A scenic, interesting and sometimes rugged loop over "Old Shag," using the Bolles, Old Paugus, Lawrence, Cabin and Whitin Brook Trails. Great views both on and off the trail. The loop is 8.6 miles with 2450 ft. of elevation gain. For a detailed description of the trails and more on Mount Paugus, follow this link.
Entering the Wilderness on the Old Paugus Trail. The mosquitoes were relentless on the lower two miles of the loop, in both morning and evening. The Paugus Road trailhead has always been one of the worst 'skeeter areas in the Whites.
Beautiful forest in the lower Whitin Brook valley.
Chocorua Mountain Club volunteers were out clearing blowdowns earlier this month.
The lower mile of Old Paugus Trail is easy strolling, in contrast to its rugged upper section.
An unusual "bridge" over Whitin Brook.
Big trailside rock.
The Old Paugus Trail is lightly used as it climbs out of the valley...
...through a fine beech forest.
The lower edge of a one-acre area that was burned in a forest fire in 2001.
Above here the trail shoots up a steep, rocky gully.
Then it climbs along a dramatic rock face....
...and crosses a spruce-wooded shoulder devastated by blowdown.
Moose have been wandering the ridge.
A tricky ledge scramble.
At the top of a steep climb you reach a fine south-facing outlook ledge.
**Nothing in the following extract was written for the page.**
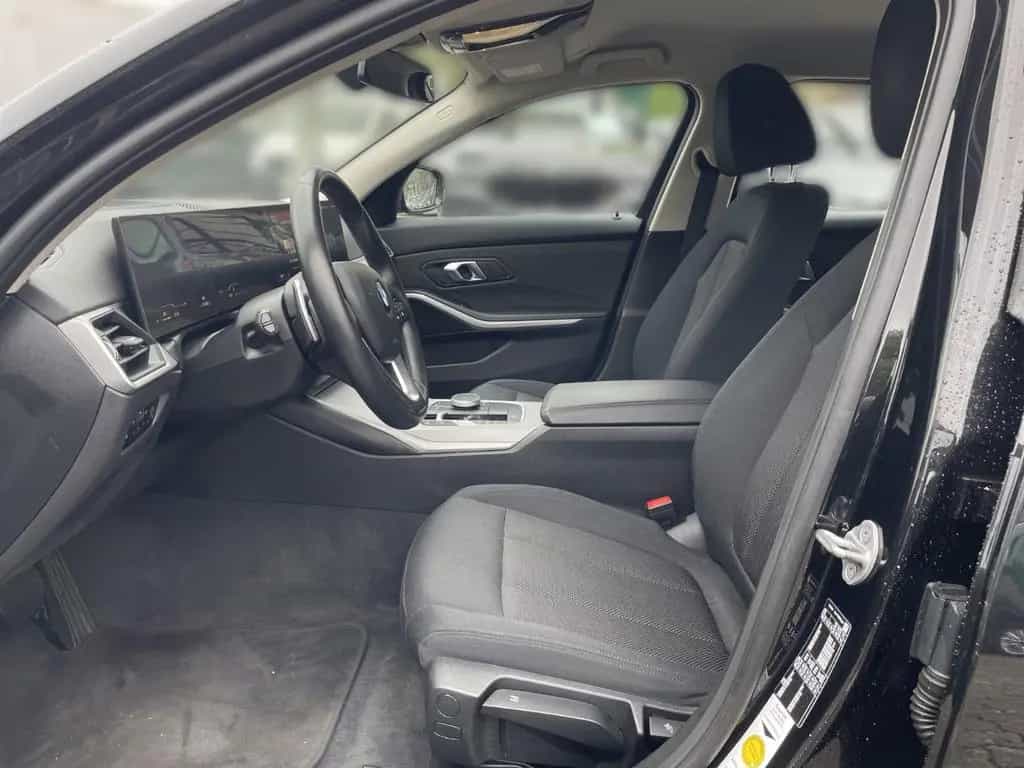 BMW 320 d Touring Driving Ass. PDC AHK Klima DAB 03/2023-photo-5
Well-timed for a break!
Profile of Mt. Whiteface.
Another ledge scramble above the outlook.
I bushwhacked out to a crag with a broad-spreading view of Mt. Chocorua rising beyond the Paugus Brook valley. A wild, cliff-faced spur ridge of Paugus fills the lower foreground. In the late 1800s the naturalist/author Frank Bolles bushwhacked up the ravine below these cliffs, as chronicled in his book, "At the North of Bearcamp Water."
Zoom on Chocorua and the Sisters, with the west ridge and the Bee Line Trail valley in front.
Looking down to the lower valley of the Paugus link in the Bee Line Trail.
Distant view to the Moats and Kearsarge North.
It was hard to leave this spot!
The site of Old Shag Shelter, built in 1912 by the Chocorua Mountain Club in a col just below the south peak of Paugus.It was a favorite spot for many a Sandwich Range tramper. Having deteriorated over the years, it was removed around 1985.
This sketch of Old Shag Camp was made by tramper Edgar E. Wright in 1934 and is found in the Chocorua Mountain Club archives.
A current resident of the Old Shag site.
A large bog lies just in front of the shelter site, with the trailless true summit of Mt. Paugus peering over to the north.
The presumed water source for the old shelter looks like it would need some serious filtering.
Steep scrambling up to the south peak.
View of Chocorua near the top.
The broad ledge atop the south peak of Paugus. There's no view here.
But a short path leads down to the southwest...
...emerging on one of the great view ledges of the Sandwich Range.
Mt. Passaconaway is impressive from this angle. The cliff faces of Square Ledge glower far below.
Wide view to the Lakes Region.
A huge granite slab.
The ledge is exfoliating.
On to the Lawrence Trail, a rugged and exciting route cut in 1906 by Rosewell B. Lawrence.
The spruce woods along the upper part of the trail are notably thick.
The original route of the Lawrence Trail climbed directly through precipitous terrain. Some sections were unsustainable due to erosion. Thus in 2006 and 2008 the Wonalancet Out Door Club constructed several major relocations using a series of gravelly switchbacks.
Rock steps were needed on this steep pitch.
Partway down I made a thick bushwhack to a high crag on the west side of the mountain. Here there was a wide view to the north.
The ledge also looked down on the steep-faced knob known as "The Overhang" at the head of the Whitin Brook valley. The Lawrence Trail originally went up across the face of The Overhang through wildly steep terrain, but the trail was literally crumbling away and in 2006 it was relocated to better (though less exciting) terrain at the base of The Overhang.
This is one section of the former trail route on The Overhang.
I wanted to get down to a lower ledge perch (at bottom of photo) for a down-look into the Whitin Brook valley, but there was a dropoff in between and I could see no safe way to slither down.
Back on the trail, after a long descent the relocated route passes under one of the lower cliffs of The Overhang.
After a short, rough sidehill traverse on the Cabin Trail, the Whitin Brook Trail led back down to the valley.
It descends through an area ravaged by blowdown.
On the broad, remote floor of the valley, cloaked in a fine hardwood forest, a short detour led to this peaceful spot on Whitin Brook.
A rocky scene on the brook farther down the valley. No more photos after this as clouds of mosquitoes hounded me for the last two miles.